The Threshold policy feature enables users to define performance thresholds for any metric that is managed by ECSL. This feature is accessible thru the Administration Console under Configuration.

New Threshold Policy

To create a new policy, click on the "New" button at the bottom of the Threshold Policy screen. A threshold policy consists of the following configurable elements:

• Data Type - the specific data model for this policy base on the supported information models.
• Policy Name - a customizable name for this policy.
• Policy Description - a customizable textual description for the policy.
• Resolution - a customizable set of troubleshooting steps to resolve a threshold breach. This is for information only and will be display in the fault management panel when a threshold event is viewed.
• Enable - set the threshold to be immediately active or disabled after creation.
• Event Description - a customizable message for notification. The text is a parameterize string that can contain variables that will be replace when an event is produced when a threshold violation occurs. The valid parameters are:
  • ${source} - identifies the source of the measured element that is causing the threshold breach (i.e. process id, hostname, method call)
  • ${kpi} - the metrics configured for this policy
  • ${threshold} - the configured threshold that was breached
  • ${value} - the measured value that incurred the breach
• Metric - the selected metric from the specified data type.
• Thresholds - numeric threshold boundaries (low and high watermarks). The three boundaries are MINOR, MAJOR, & CRITICAL.
• Filters - apply a filter on one or more non-numeric fields. The fields are directly associated with the selected data type. For any selected field, you can apply a filter that either matches, starts with, contains, or ends with text specified in the value.

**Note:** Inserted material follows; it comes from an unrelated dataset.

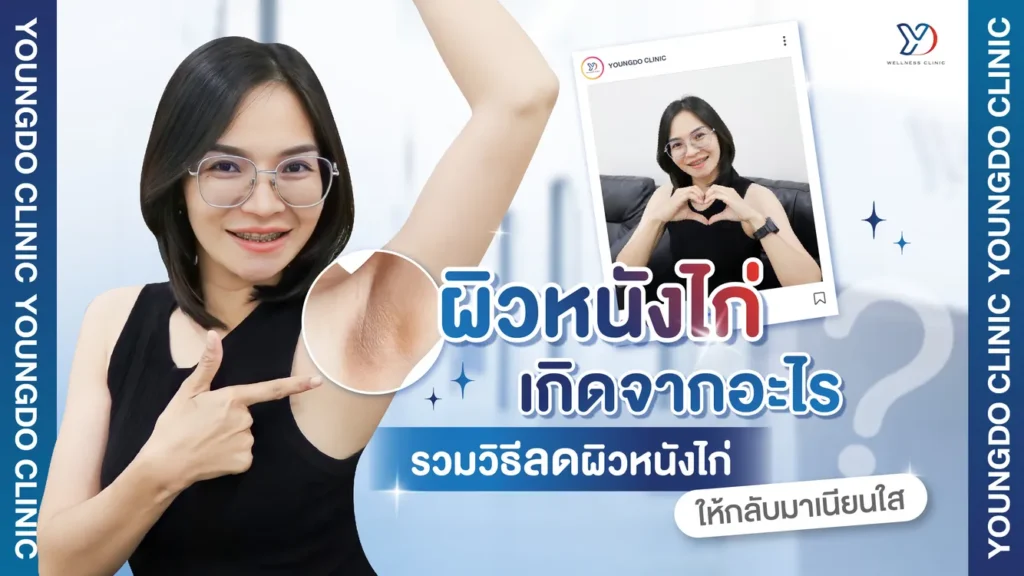 ผิวหนังไก่เกิดจากอะไร รวมวิธีลดผิวหนังไก่ ให้ผิวเนียนใส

Once a policy is created or updated, click on the "Save" button. As policies are created, they are added to the list of Threshold Policies tree. The polices in the tree are automatically grouped by Data Type and Metric. Therefore is easier to identify what policies have been set for different metrics.

Enabling/Disabling Policies

To enable/disable multiple existing threshold policies, check or uncheck the items in the tree and click on the Enable Policies button at the bottom of the tree.

Removing Policies

A policy can also be permanently removed by selecting on the policy in the tree and clicking on the "Remove" button at the bottom of the screen. The removal only applies to one policy at a time.

As thresholds are created or updated, they take effect immediately (if enabled). As thresholds are breached, the violating KPIs in the corresponding Real-Time Dashboard perspectives will be displayed in different colors (depending on the severity level breached). Meanwhile, all threshold violation events also appear in the Fault Management perspective in real-time. If configured, ECSL can generate events that would result in email alerts, SNMP traps, and callbacks into a plugin code.